Степан Иванович, опустив голову на руку, задумчиво проговорил:
— Десять лет! Капризная вещь — человеческая память. Иногда кажется, что это было совсем недавно — так отчетливо встает перед тобой прошлое…
…Арестант осужденный резко отличается от подследственного. Приговор состоялся, из тебя не пытаются больше выудить, вытянуть, выжать сведения о «преступной деятельности» и имена «сотоварищей по таковой». Тюремный режим смягчается. Реже крутится заслонка «глазка», обнаруживая бычье око надзирателя, меньше строгостей на прогулке во дворе тюрьмы.
Кое-кому даже разрешают свидания. Но, конечно, не Степану Новоселову, приговоренному по 251 и 252 статьям, — за «распространение воззваний, направленных к явному неповиновению верховной власти…» Да, если бы и разрешили ему свидание, кто бы явился на него! Товарищи отсиживаются где-то тут за стеной, любимая девушка — в женской тюрьме предварительного заключения. А родных у него нет.
В камере, куда Степана Ивановича поместили после приговора, он нашел Георгия Каневского, которого несколько раз встречал на воле. Жена Каневского, курсистка, сообщила ему на свидании, что скоро отправка.
Оставалось только ждать этапа, а там — длинный, томительный путь и новая жизнь. Какая уж там ни будь, а жизнь! Впрочем, Степан Иванович был уверен в возможности побега. Уж он-то во всяком случае сбежит.
Но, когда тюремная карета загромыхала по булыжникам, такая вдруг охватила тоска! За тонкой стенкой шумела ночная, знакомая до мелочей улица.
Арестантов грузили в вагоны на глухой, безлюдной платформе вдали от вокзалов.
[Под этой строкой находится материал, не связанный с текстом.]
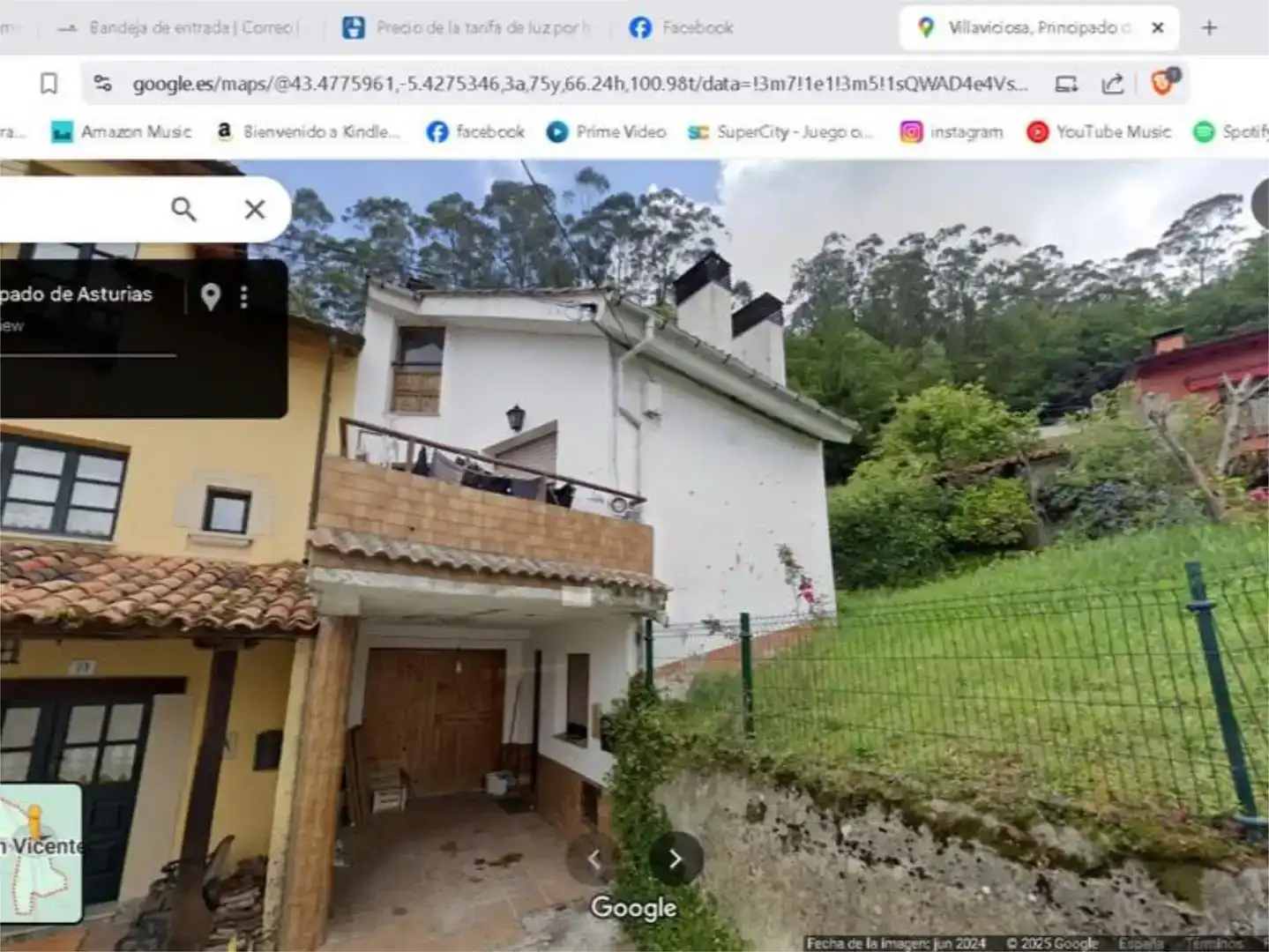 Vista exterior de Casa adosada en venda en Villaviciosa amb Balcó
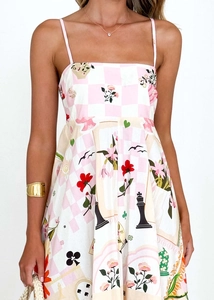 Detail von Blumen- und Schachmusterdruck am Oberteil eines Sommer-Hängerkleids für Damen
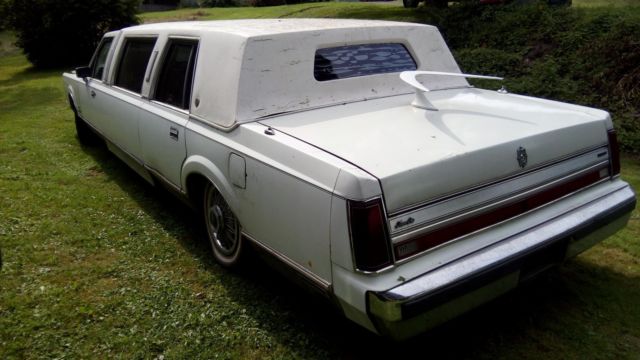 1988 Lincoln Town Car - photo 2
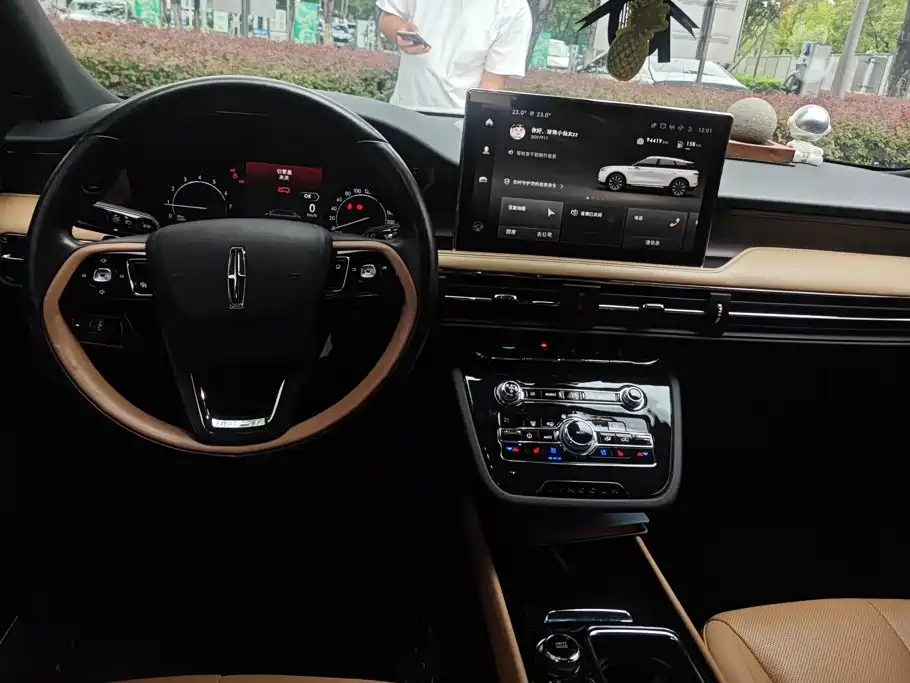 Lincoln Corsair — миниатюра 12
И здесь вдруг пришло непонятное вначале чувство освобождения. Потом Степан Иванович разобрался: это был конец одиночества! Отныне он был тесно связан с товарищами по заключению. И еще: конвой нервничал, то и дело пересчитывал партию. Принимались меры против побегов. Следовательно, побег был возможен!
Степан подумал об этом уже в вагоне, засмеялся, затряс решетку окна.
— Перестаньте! Сейчас явится «стерегущий», а мы тут в разгаре спора! — закричал маленький студент Эфрос с черной и курчавой как у негра, головой.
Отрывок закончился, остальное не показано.